Records to process
--------

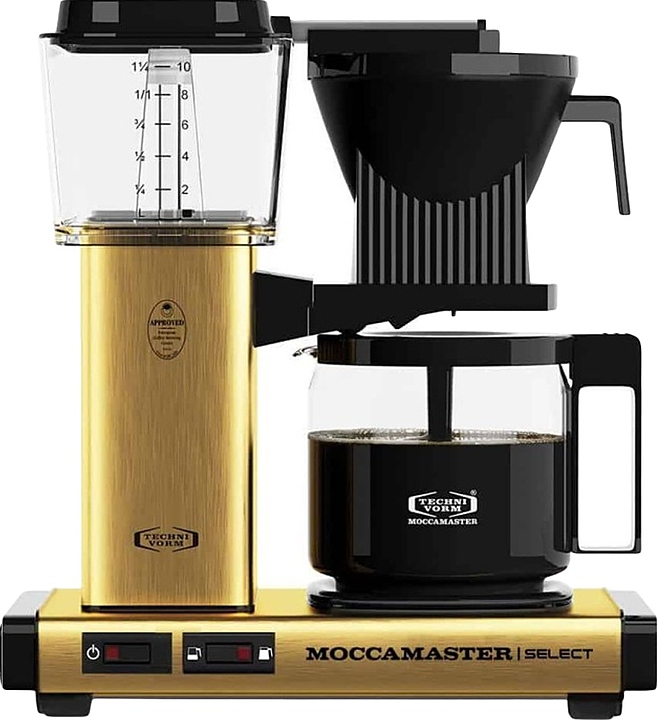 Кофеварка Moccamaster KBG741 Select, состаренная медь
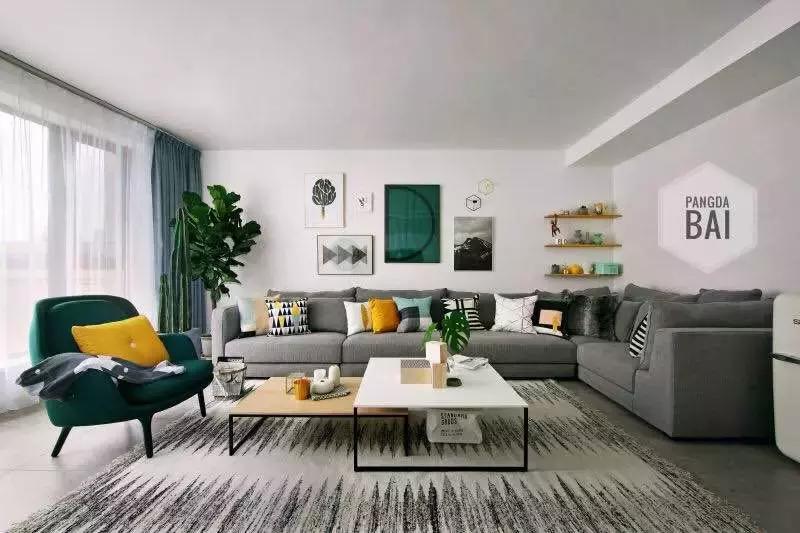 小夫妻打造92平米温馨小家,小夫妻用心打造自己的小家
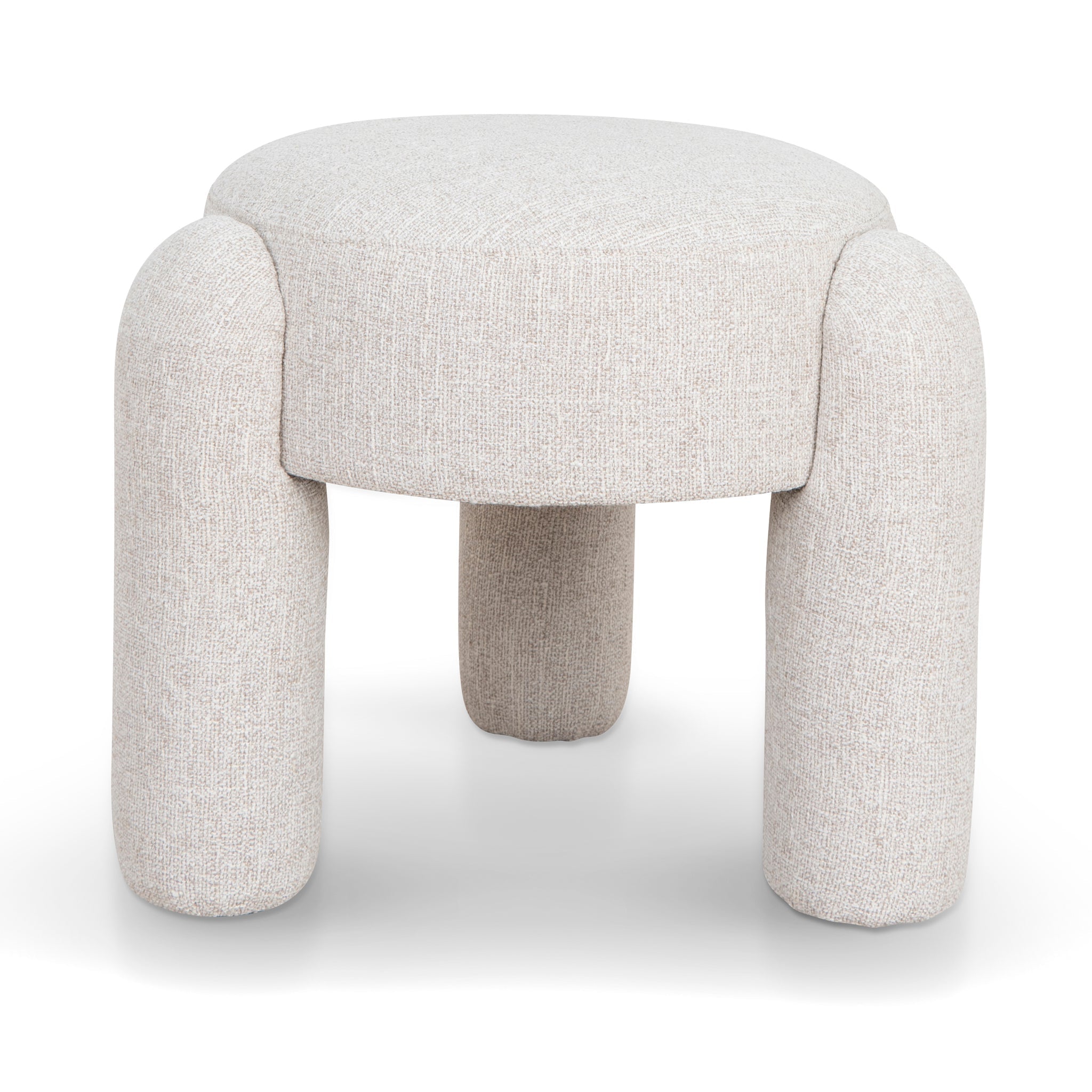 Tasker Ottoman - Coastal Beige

--------

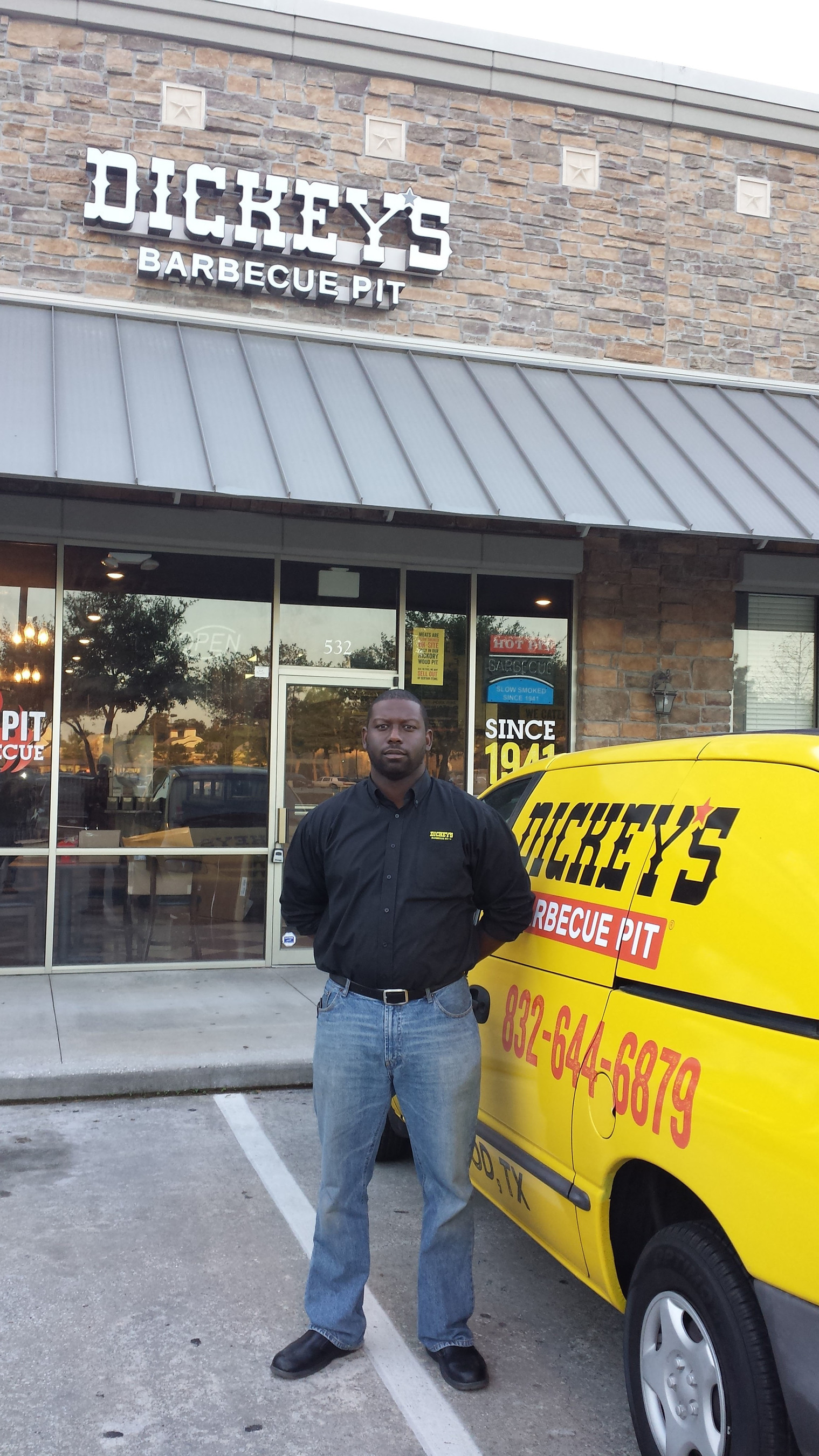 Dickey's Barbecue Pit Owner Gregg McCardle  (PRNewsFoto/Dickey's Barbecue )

--------

Your assignment
Reproduce the lines above starting at the one with "Кофеварка Moccamaster KBG741" and ending at the one with "Tasker Ottoman - Coastal Beige", both included, exactly and with no pictures.

The answer
 Кофеварка Moccamaster KBG741 Select, состаренная медь
 小夫妻打造92平米温馨小家,小夫妻用心打造自己的小家
 Tasker Ottoman - Coastal Beige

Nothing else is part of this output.